### WHAT IS NEEDED
An exact copy of the data is required. No picture may appear in it.

### PROVIDED MATERIAL
= = = = =

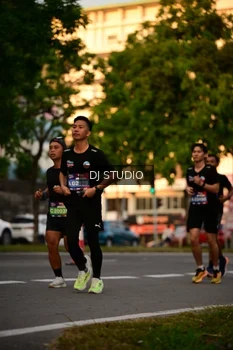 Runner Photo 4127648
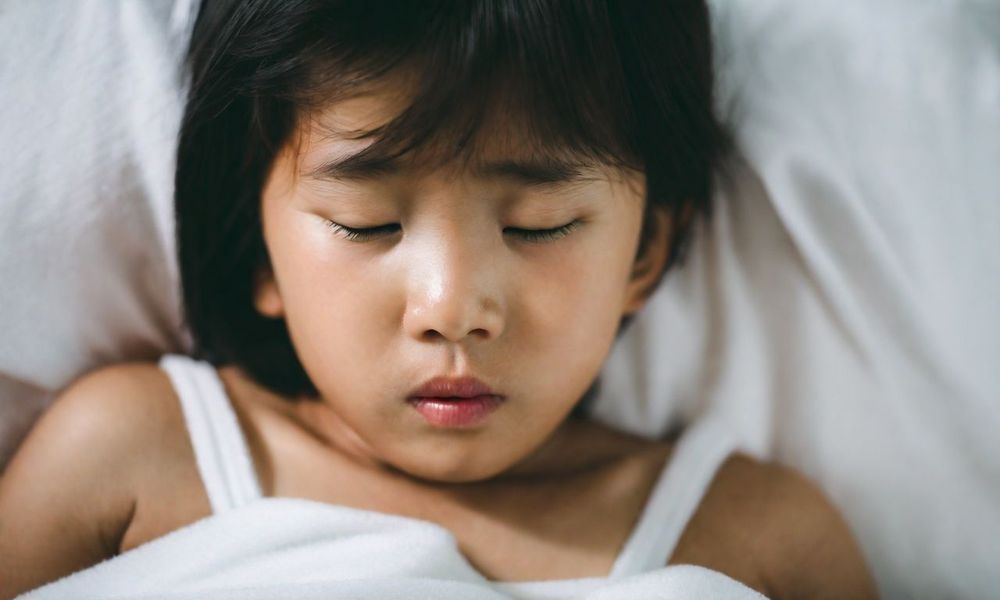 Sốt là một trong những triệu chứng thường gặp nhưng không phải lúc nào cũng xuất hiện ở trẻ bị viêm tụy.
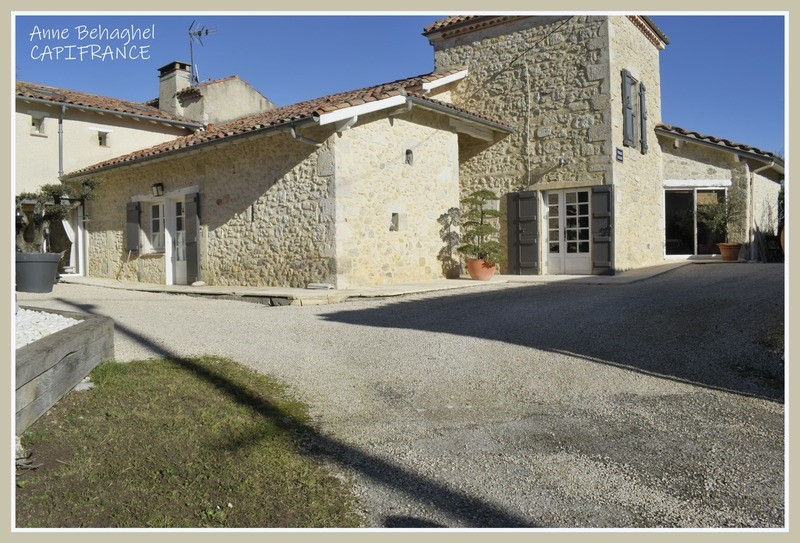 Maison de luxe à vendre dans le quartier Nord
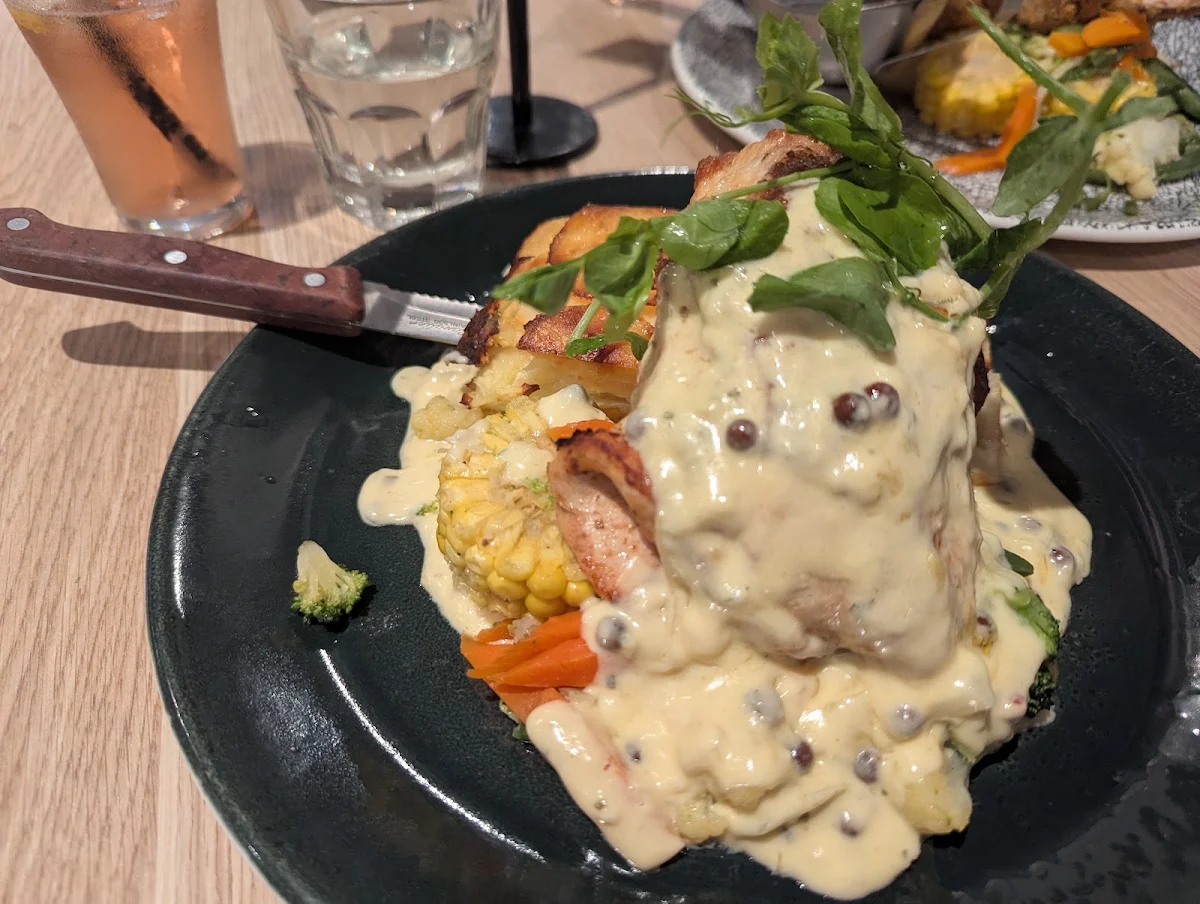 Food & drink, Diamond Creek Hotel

= = = = =

### PROBLEM SOLUTION
 Runner Photo 4127648
 Sốt là một trong những triệu chứng thường gặp nhưng không phải lúc nào cũng xuất hiện ở trẻ bị viêm tụy.
 Maison de luxe à vendre dans le quartier Nord
 Food & drink, Diamond Creek Hotel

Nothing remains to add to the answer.